*Aim of the exercise:*
In full and unchanged, set down the entries that follow, with no images.

*Entries shown:*
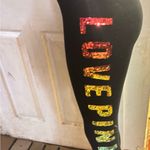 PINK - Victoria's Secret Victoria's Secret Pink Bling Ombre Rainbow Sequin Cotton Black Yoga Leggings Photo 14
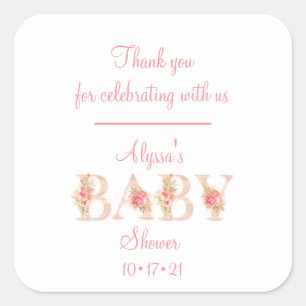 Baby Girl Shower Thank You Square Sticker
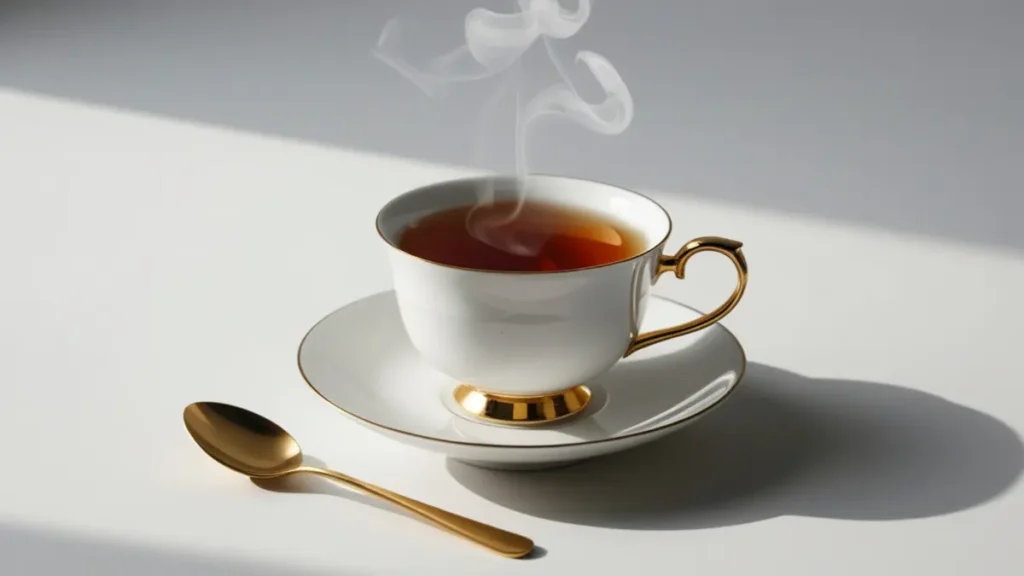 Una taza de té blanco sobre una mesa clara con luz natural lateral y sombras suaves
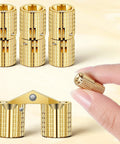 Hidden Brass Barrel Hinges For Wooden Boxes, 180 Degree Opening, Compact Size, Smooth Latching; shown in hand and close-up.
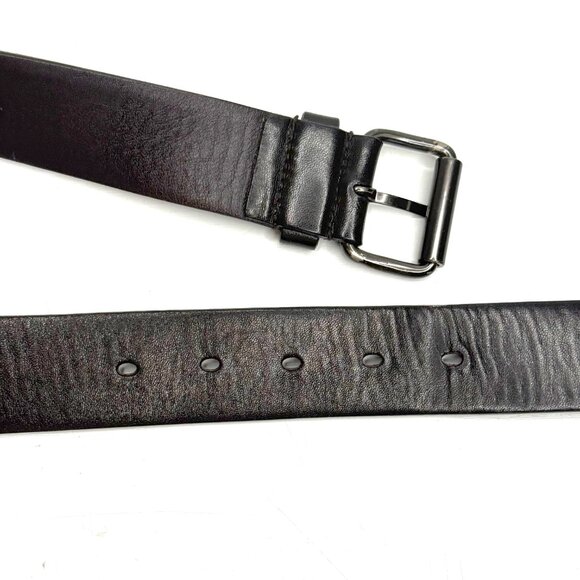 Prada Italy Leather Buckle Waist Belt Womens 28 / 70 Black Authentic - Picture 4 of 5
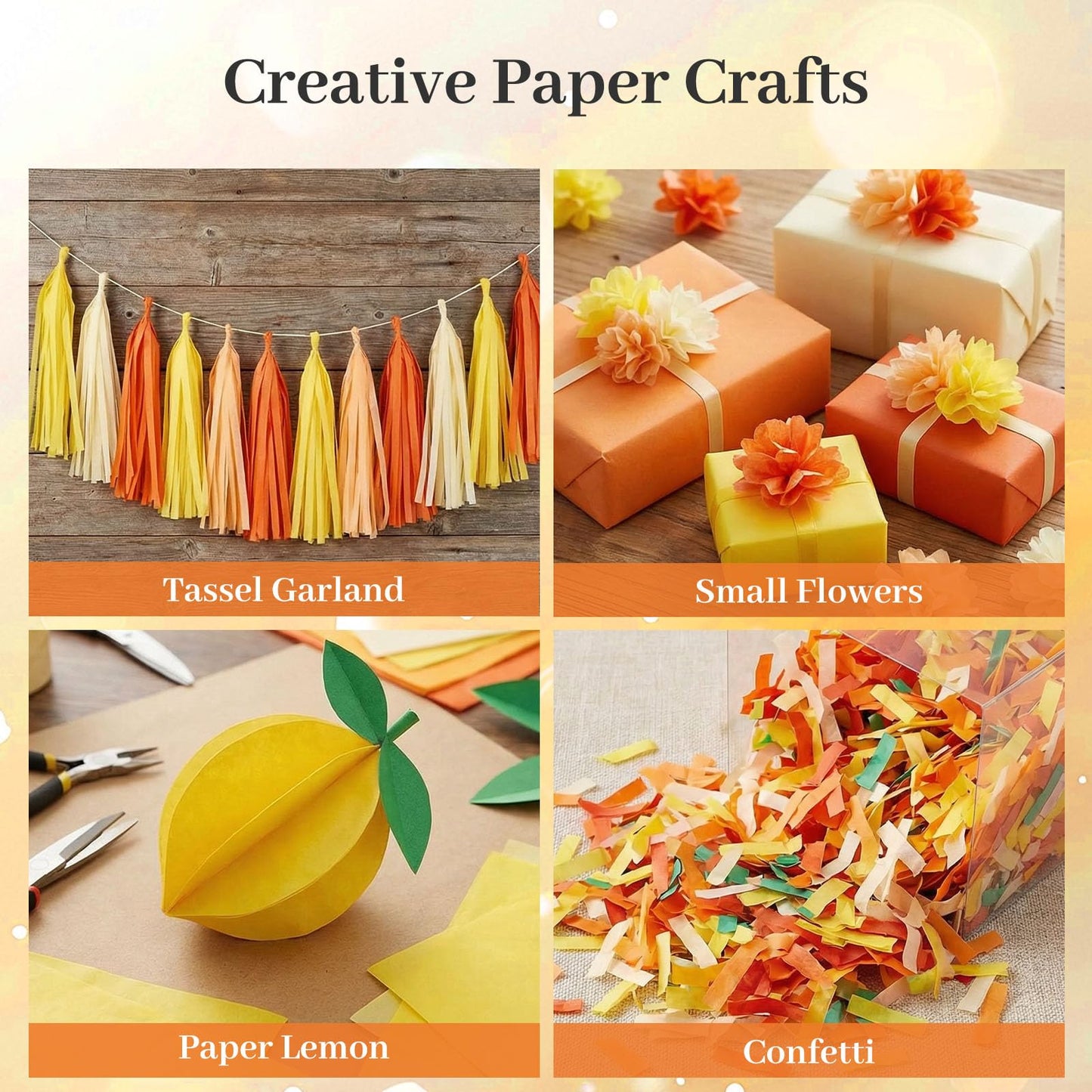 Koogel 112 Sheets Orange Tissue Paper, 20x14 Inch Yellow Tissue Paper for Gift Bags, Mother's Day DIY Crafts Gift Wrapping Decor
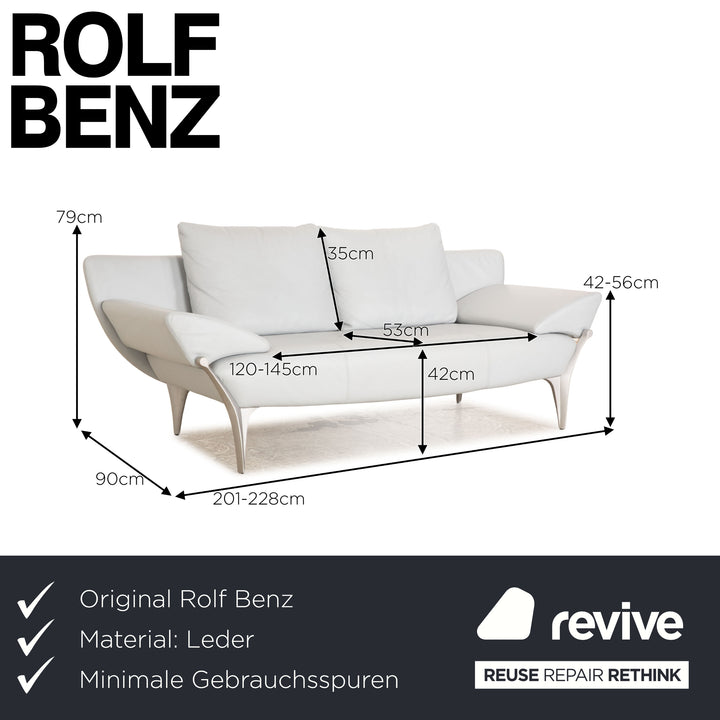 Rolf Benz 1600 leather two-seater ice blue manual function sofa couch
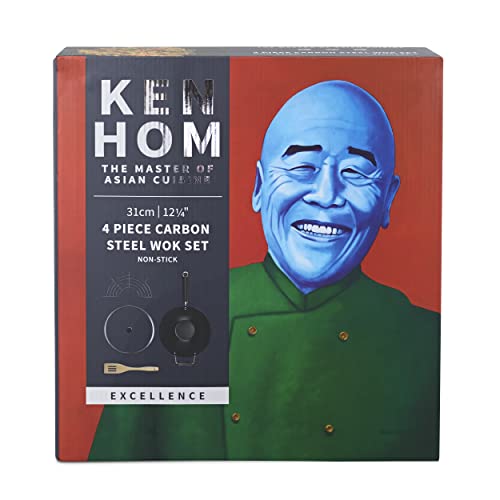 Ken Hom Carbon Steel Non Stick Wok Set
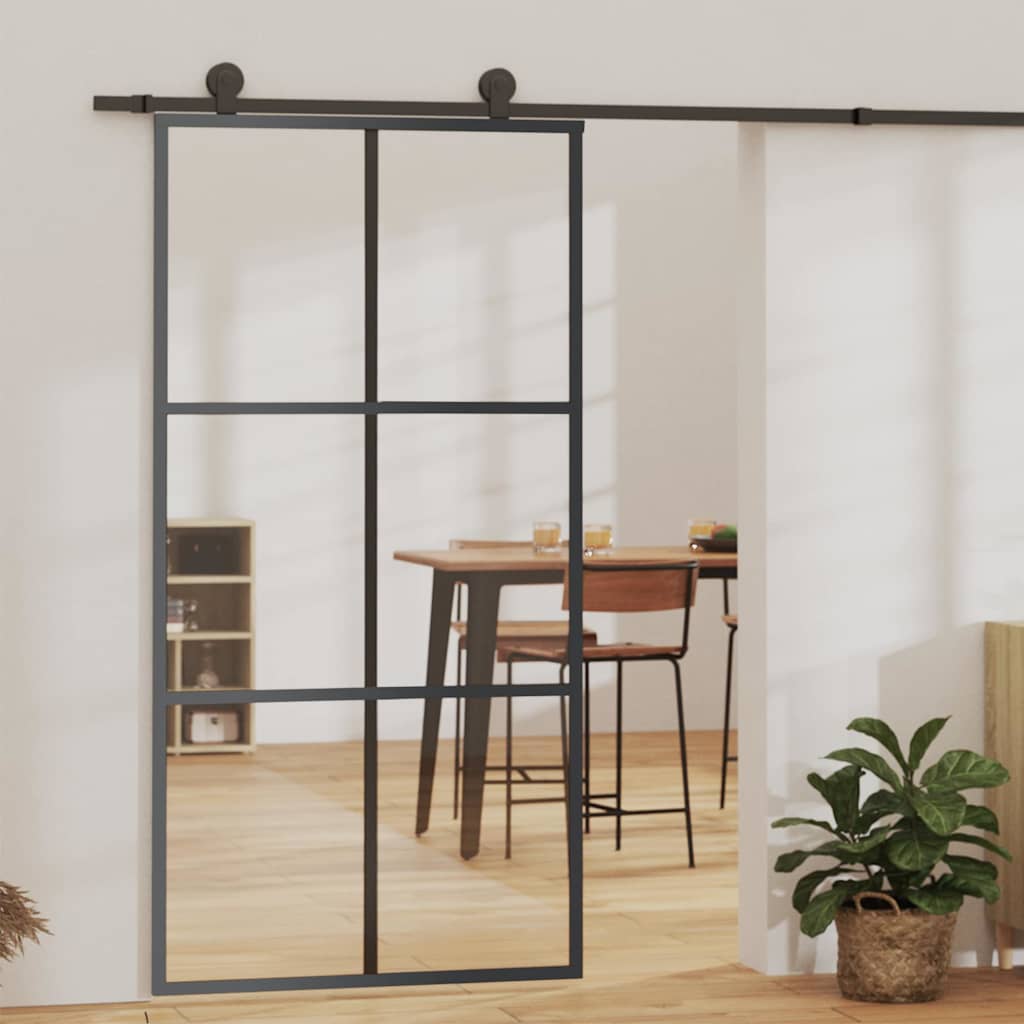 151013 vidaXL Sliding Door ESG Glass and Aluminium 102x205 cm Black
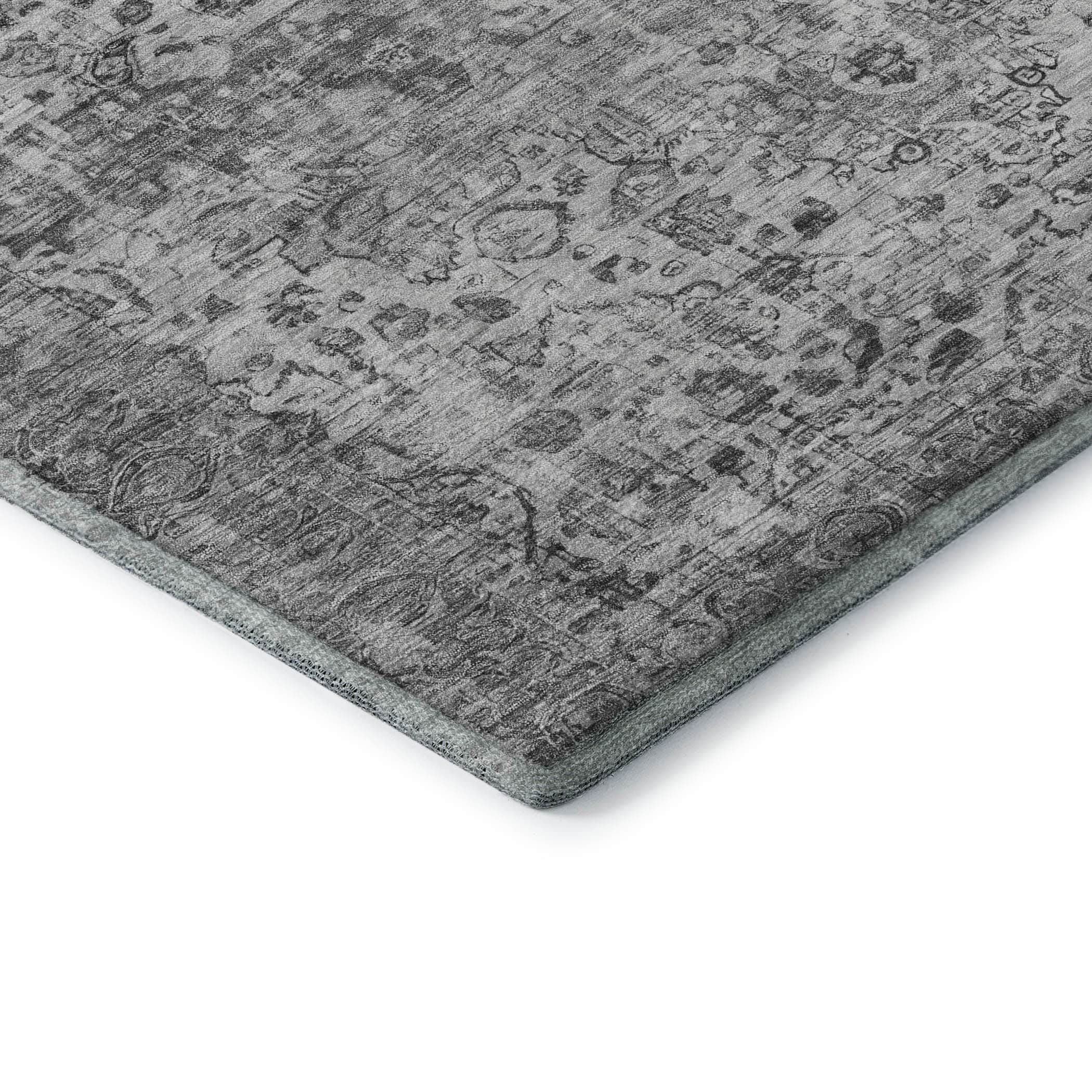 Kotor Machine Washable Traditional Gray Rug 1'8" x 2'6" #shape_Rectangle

*Solution to the problem:*
 PINK - Victoria's Secret Victoria's Secret Pink Bling Ombre Rainbow Sequin Cotton Black Yoga Leggings Photo 14
 Baby Girl Shower Thank You Square Sticker
 Una taza de té blanco sobre una mesa clara con luz natural lateral y sombras suaves
 Hidden Brass Barrel Hinges For Wooden Boxes, 180 Degree Opening, Compact Size, Smooth Latching; shown in hand and close-up.
 Prada Italy Leather Buckle Waist Belt Womens 28 / 70 Black Authentic - Picture 4 of 5
 Koogel 112 Sheets Orange Tissue Paper, 20x14 Inch Yellow Tissue Paper for Gift Bags, Mother's Day DIY Crafts Gift Wrapping Decor
 Rolf Benz 1600 leather two-seater ice blue manual function sofa couch
 Ken Hom Carbon Steel Non Stick Wok Set
 151013 vidaXL Sliding Door ESG Glass and Aluminium 102x205 cm Black
 Kotor Machine Washable Traditional Gray Rug 1'8" x 2'6" #shape_Rectangle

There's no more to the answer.